__INPUT DATA__
= Beginning of Section =

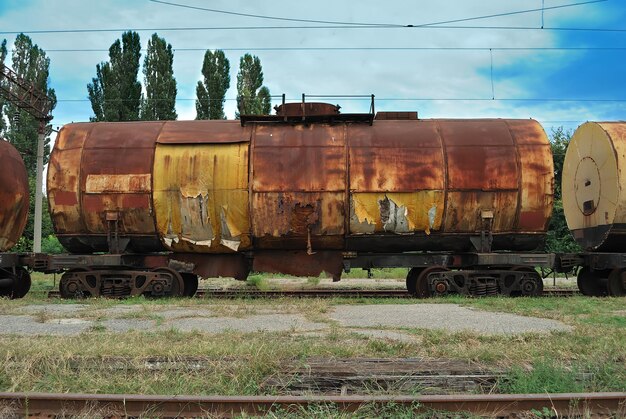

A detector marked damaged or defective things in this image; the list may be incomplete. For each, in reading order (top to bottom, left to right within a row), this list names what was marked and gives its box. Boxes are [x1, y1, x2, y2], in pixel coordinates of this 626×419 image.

corroded metal panel [0, 141, 29, 253]
rusty tank car [0, 139, 31, 300]
corroded metal panel [47, 124, 88, 236]
corroded metal panel [152, 143, 250, 254]
peeling yellow paint [152, 143, 250, 254]
corroded metal panel [250, 124, 346, 249]
rusty tank car [45, 101, 552, 298]
peeling yellow paint [346, 192, 444, 235]
rusty tank car [564, 123, 626, 296]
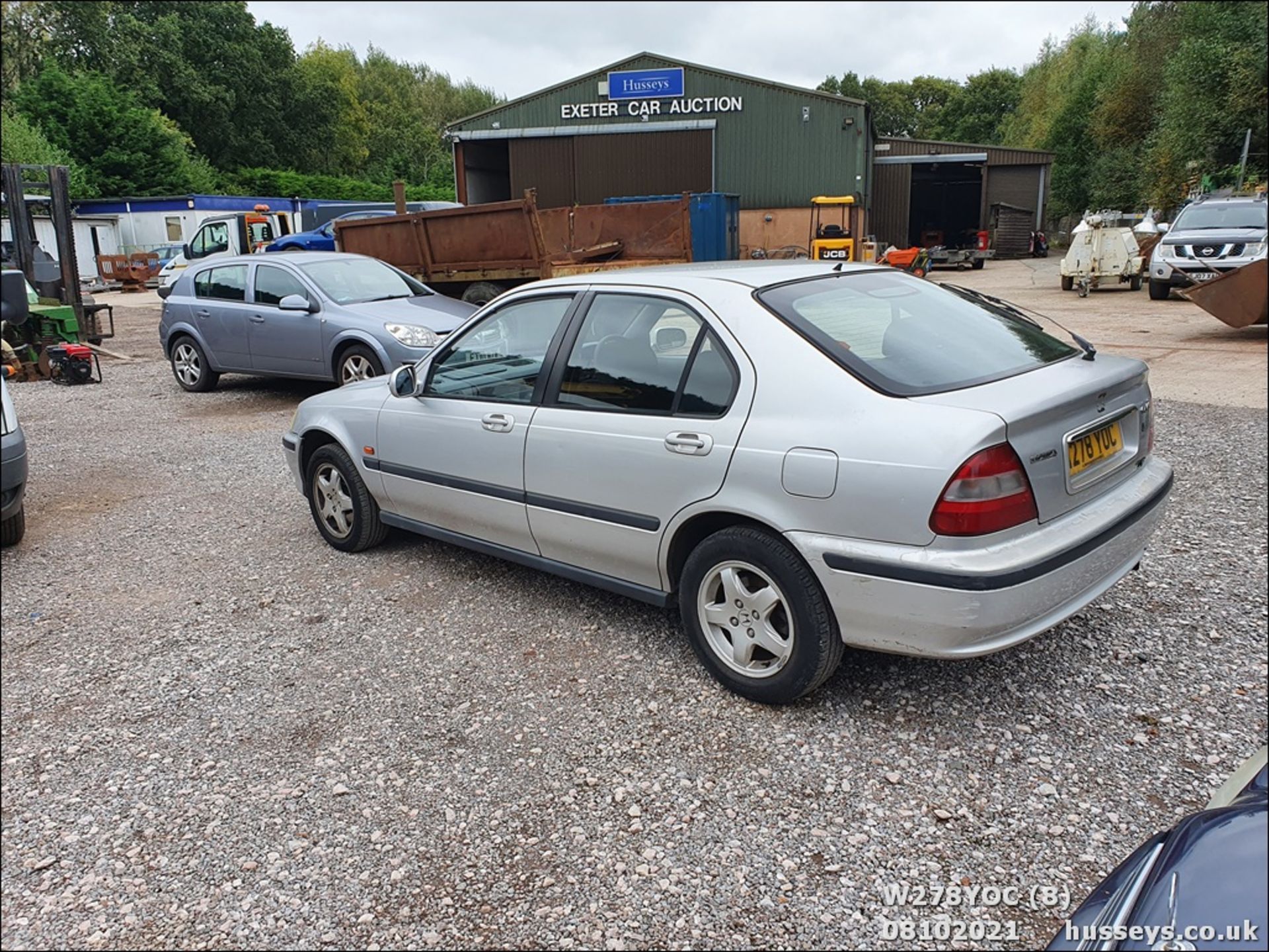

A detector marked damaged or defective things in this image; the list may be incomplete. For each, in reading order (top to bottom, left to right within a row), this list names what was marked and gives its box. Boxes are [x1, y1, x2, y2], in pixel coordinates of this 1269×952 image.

rusty tipper trailer [334, 190, 695, 301]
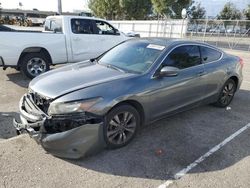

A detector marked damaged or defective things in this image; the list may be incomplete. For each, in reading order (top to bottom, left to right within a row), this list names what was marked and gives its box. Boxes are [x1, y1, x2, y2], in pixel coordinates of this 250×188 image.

crumpled front hood [29, 61, 134, 99]
broken headlight [47, 97, 102, 115]
damaged front end [13, 92, 106, 159]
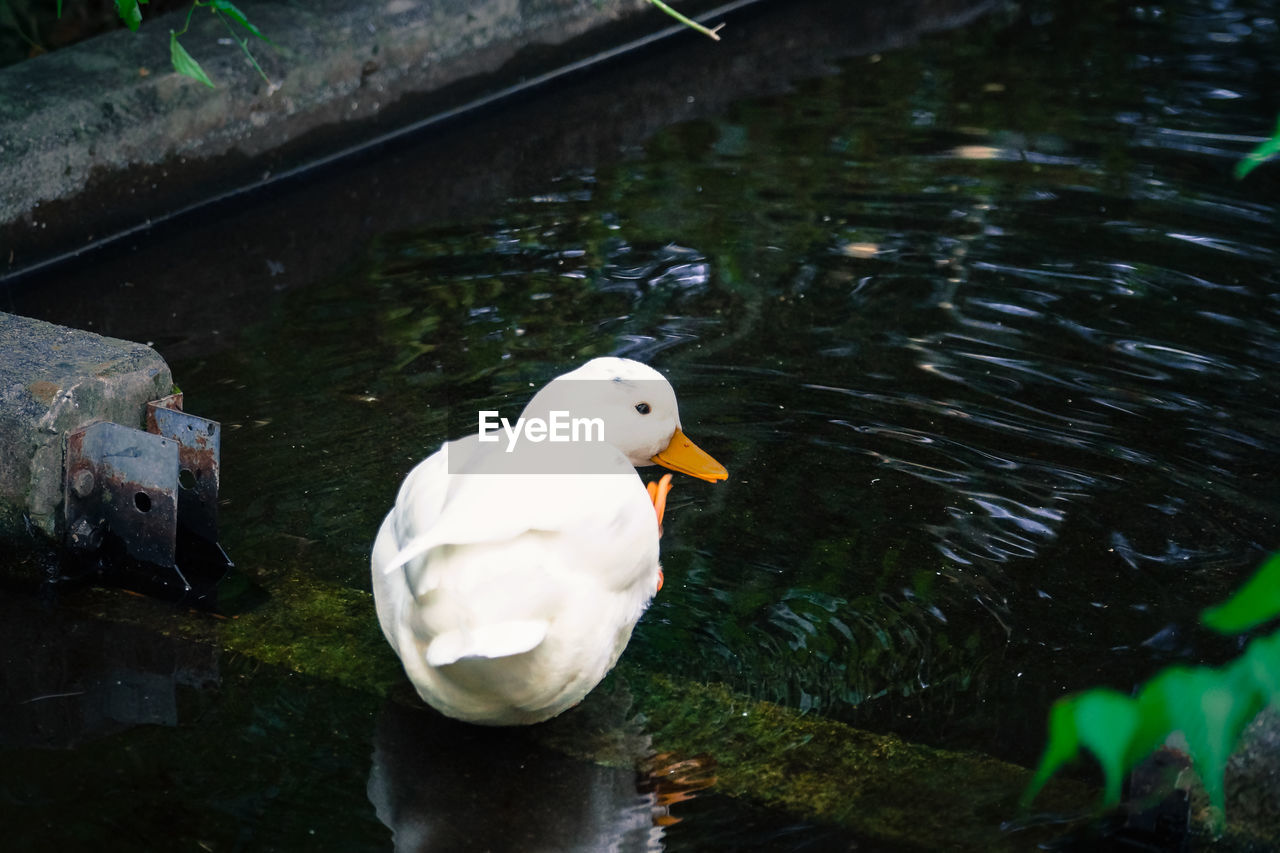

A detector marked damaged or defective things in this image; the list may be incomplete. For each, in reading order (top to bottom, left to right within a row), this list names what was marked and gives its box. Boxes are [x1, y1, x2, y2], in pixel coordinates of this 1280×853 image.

rusty metal bracket [63, 394, 222, 568]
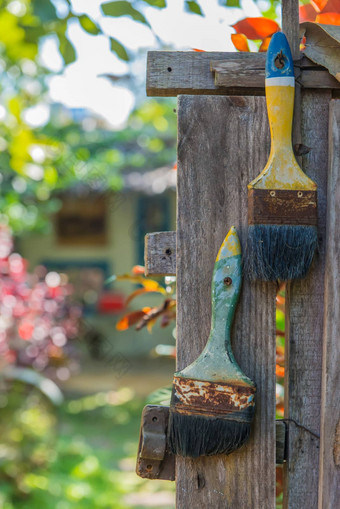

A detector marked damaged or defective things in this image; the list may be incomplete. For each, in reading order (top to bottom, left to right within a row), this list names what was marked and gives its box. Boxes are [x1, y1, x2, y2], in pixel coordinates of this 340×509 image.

= End of Section =

__WORK REQUIRED__
Please retype the entries above word for word, but only from the line containing "this 250×188 image." through the last line, and without the pictures.

__EXPECTED OUTPUT__
A detector marked damaged or defective things in this image; the list may be incomplete. For each, in reading order (top to bottom, left to right within a row), this list names what was marked and gives its box. Boxes are [x1, y1, x2, y2], in pixel coordinates of this 250×188 image.

crumpled front hood [29, 61, 134, 99]
broken headlight [47, 97, 102, 115]
damaged front end [13, 92, 106, 159]

A detector marked damaged or defective things in this image; the list may be incomplete. For each, in reading order (top to bottom, left to right within a row), this list names what was marked and gives its box. Boxes are [x1, y1, x2, y2], in pixel coordinates of this 1280×853 image.

rusty metal bracket [63, 394, 222, 568]

A detector marked damaged or defective things in this image; the list may be incomplete. For each, in reading order (top to bottom, left to right within a row), this list names what was marked and gives its box. Boxes are [x1, y1, x2, y2], in pixel coordinates of this 340×509 image.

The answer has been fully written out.